Task prompt:
Output nothing except the lines from the one containing "Millbrook Library holds" through the final line of the data, both included, typed exactly, minus the pictures.

--

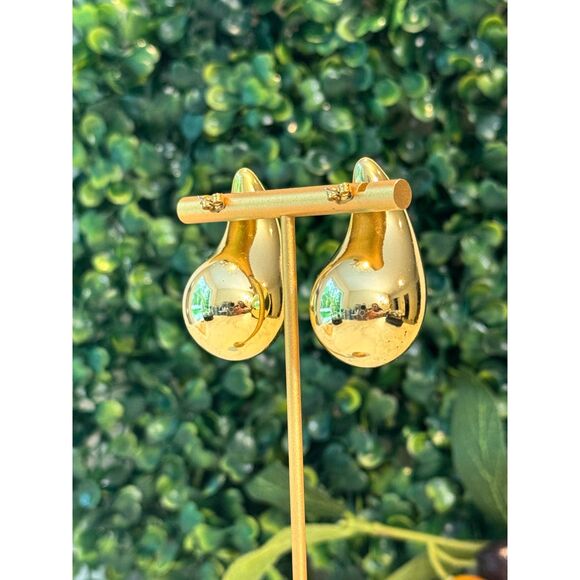 Stunning Statement Teardrop Earrings - Picture 2 of 5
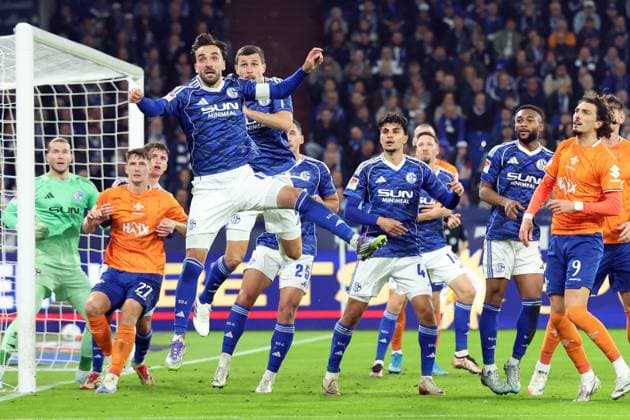 24.10.2025, xrekx, Fussball 2.Bundesliga, FC Schalke 04 - SV Darmstadt 98 v.l. Kenan Karaman (FC Schalke 04) (DFL DFB REGULATIONS PROHIBIT ANY USE OF PHOTOGRAPHS as IMAGE SEQUENCES and or QUASI-VIDEO) Gelsenkirchen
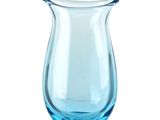 un vase en verre bleu avec une anse noire sur fond blanc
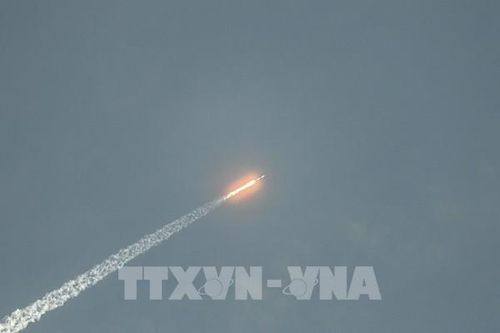 SpaceX phóng 2 tàu đổ bộ tư nhân của Mỹ và Nhật Bản lên Mặt Trăng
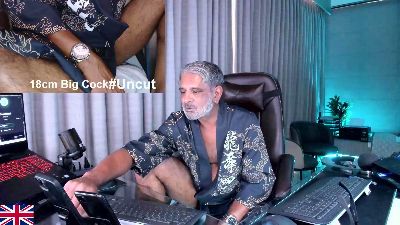 OnlineBossUK live cam on Cam4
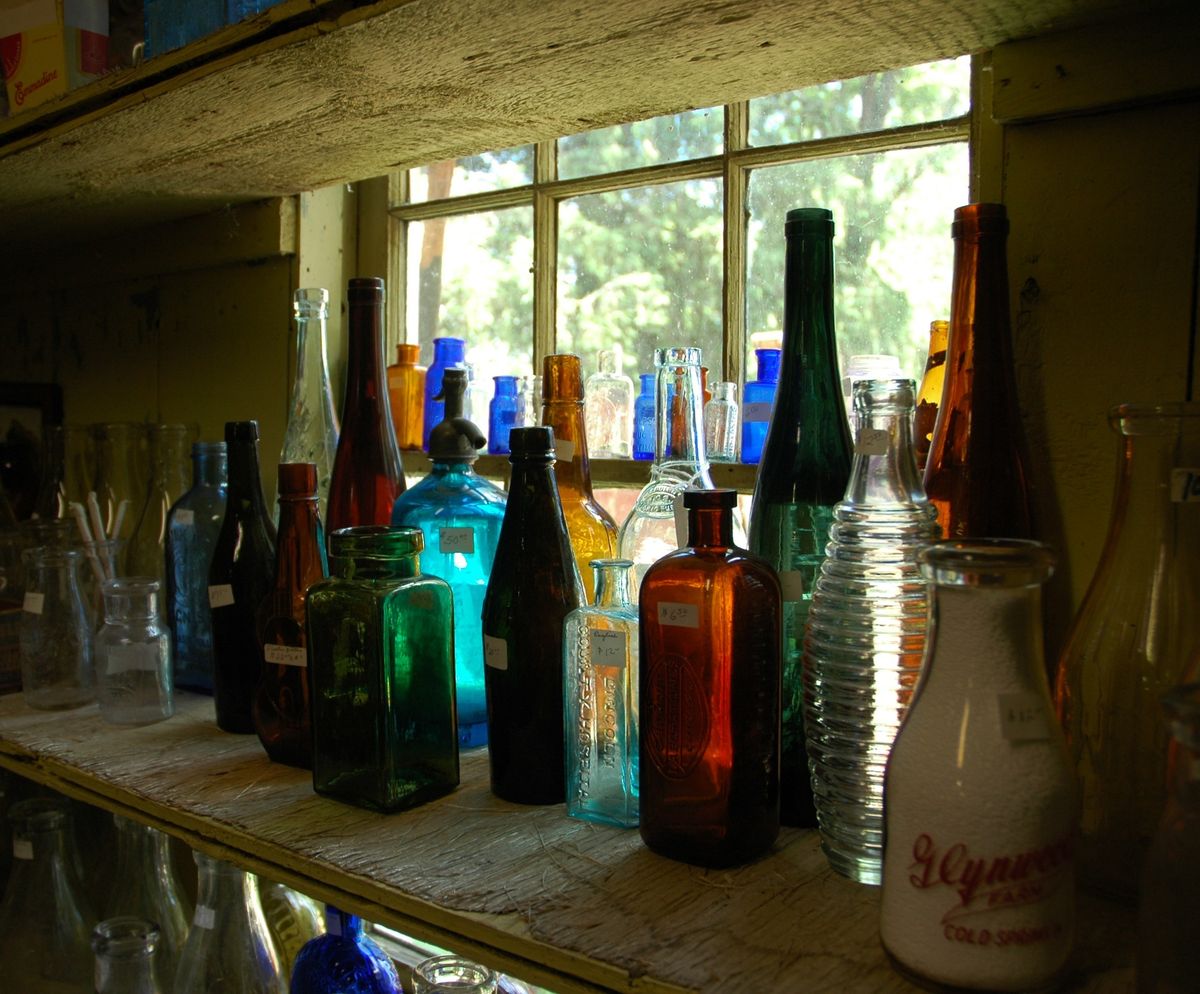 Millbrook Library holds ‘old bottle’ workshop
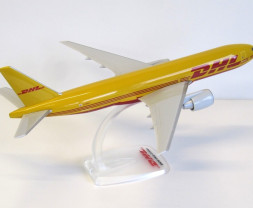 1:200 Boeing B777-F, DHL Aviation (Snap-Fit)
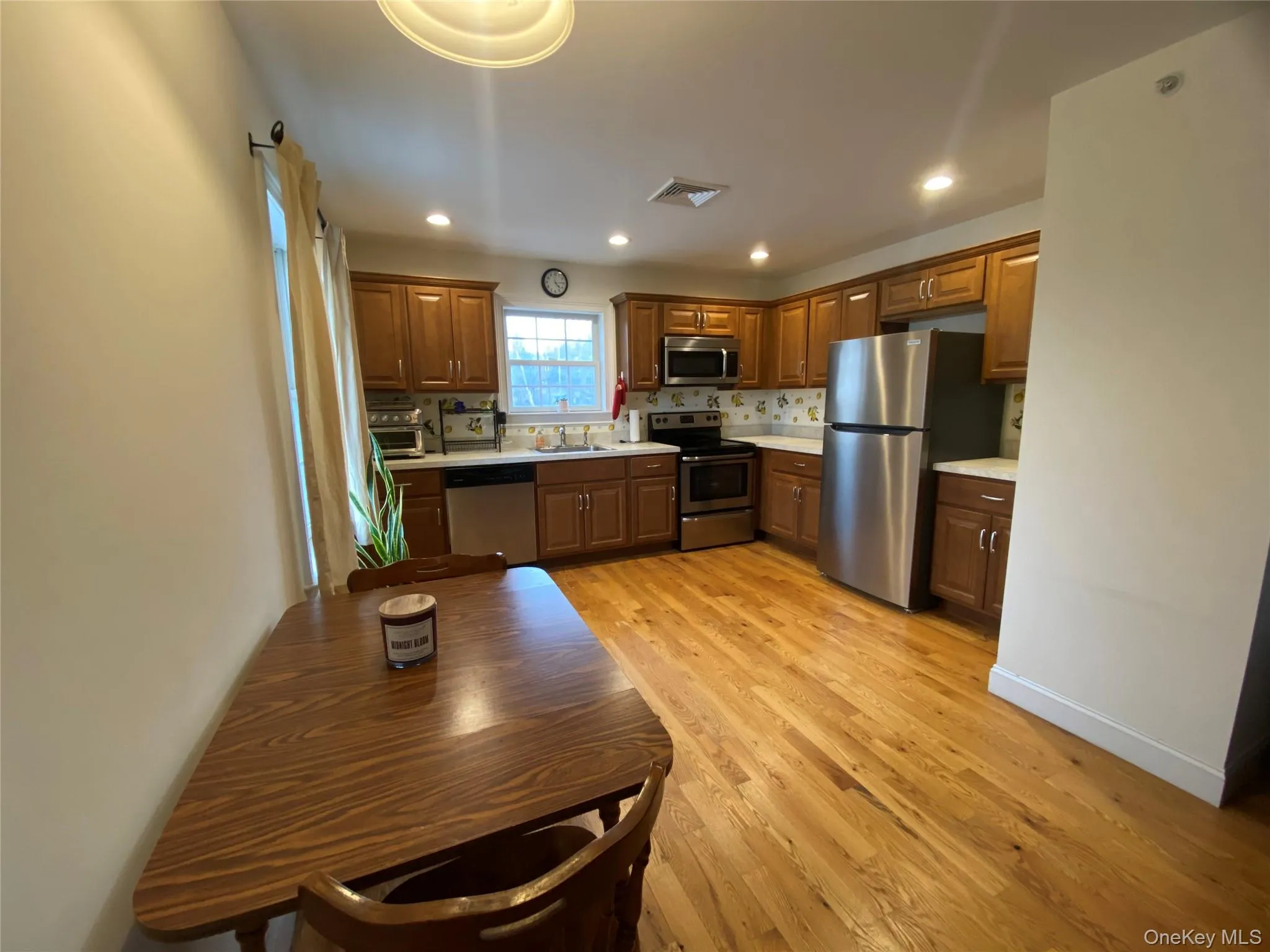 27 Main Street, Warwick (town), NY, 2 Bedrooms Bedrooms, 4 Rooms Rooms,1 BathroomBathrooms,Residential Lease,For Rent,Main,0,975094 27 Main Street, Warwick (town), NY, 2 Bedrooms Bedrooms, 4 Rooms Rooms,1 BathroomBathrooms,Residential Lease,For Rent,Main,0,975094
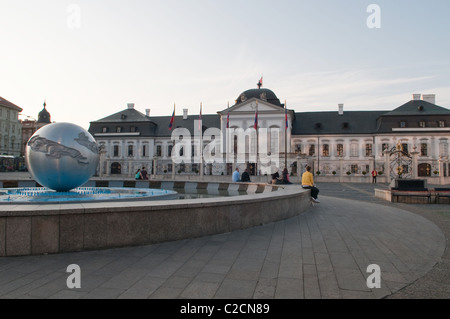 Hodzovo square con il palazzo presidenziale a Bratislava, in Slovacchia Foto Stock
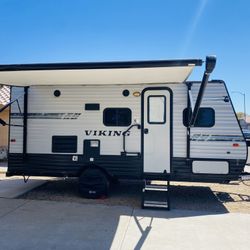 2019 Forest River Viking 17 BHS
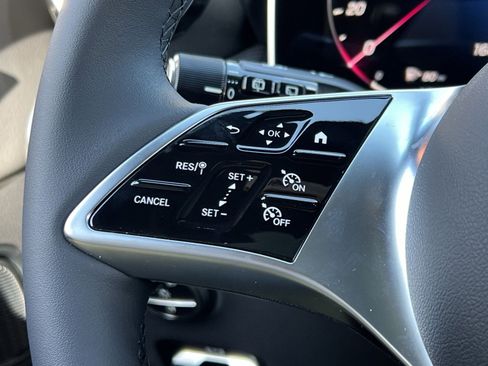 Used 2026 Mercedes-Benz GLC 300 4MATIC image 30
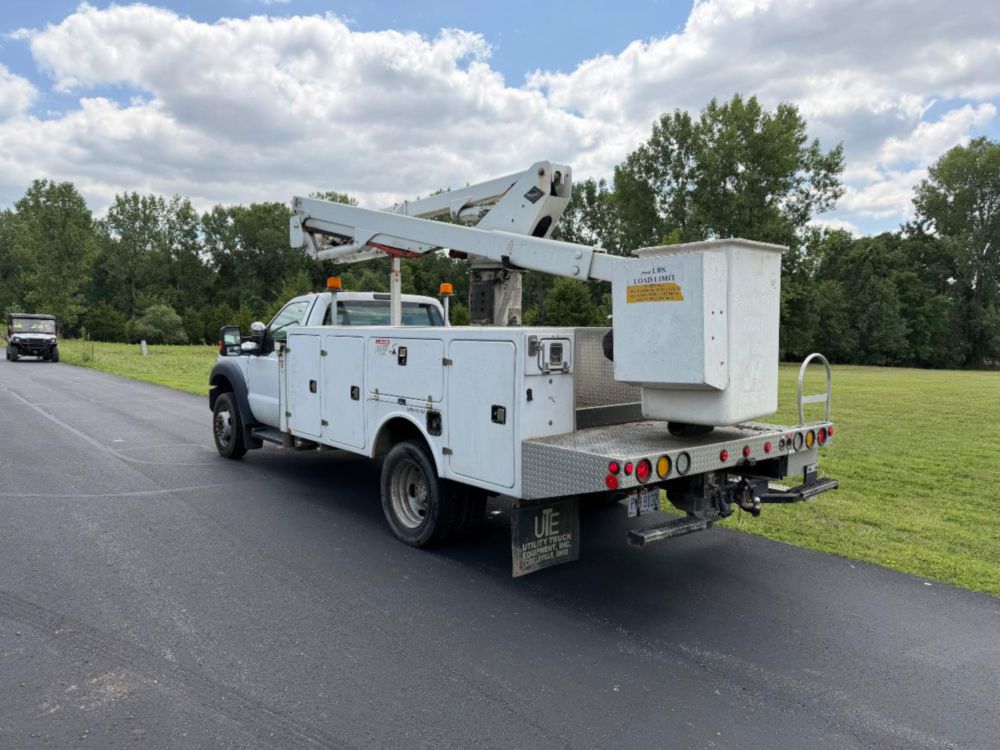 2016 Ford F-550 Versalift Bucket Truck
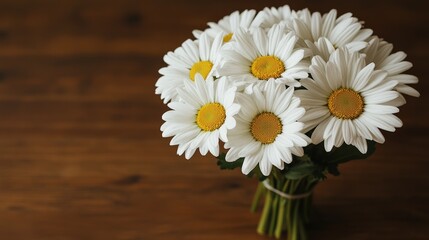 Obraz premium Rustic Wooden Table with White Daisies Bouquet Spring Flowers Copy Space Nature Photogr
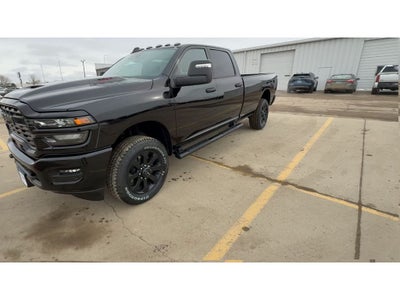 2026 RAM Ram 2500 RAM 2500 BLACK EXPRESS CREW CAB 4X4 8' BOX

--

Exercise answer:
 Millbrook Library holds ‘old bottle’ workshop
 1:200 Boeing B777-F, DHL Aviation (Snap-Fit)
 27 Main Street, Warwick (town), NY, 2 Bedrooms Bedrooms, 4 Rooms Rooms,1 BathroomBathrooms,Residential Lease,For Rent,Main,0,975094 27 Main Street, Warwick (town), NY, 2 Bedrooms Bedrooms, 4 Rooms Rooms,1 BathroomBathrooms,Residential Lease,For Rent,Main,0,975094
 Hodzovo square con il palazzo presidenziale a Bratislava, in Slovacchia Foto Stock
 2019 Forest River Viking 17 BHS
 Used 2026 Mercedes-Benz GLC 300 4MATIC image 30
 2016 Ford F-550 Versalift Bucket Truck
 Obraz premium Rustic Wooden Table with White Daisies Bouquet Spring Flowers Copy Space Nature Photogr
 2026 RAM Ram 2500 RAM 2500 BLACK EXPRESS CREW CAB 4X4 8' BOX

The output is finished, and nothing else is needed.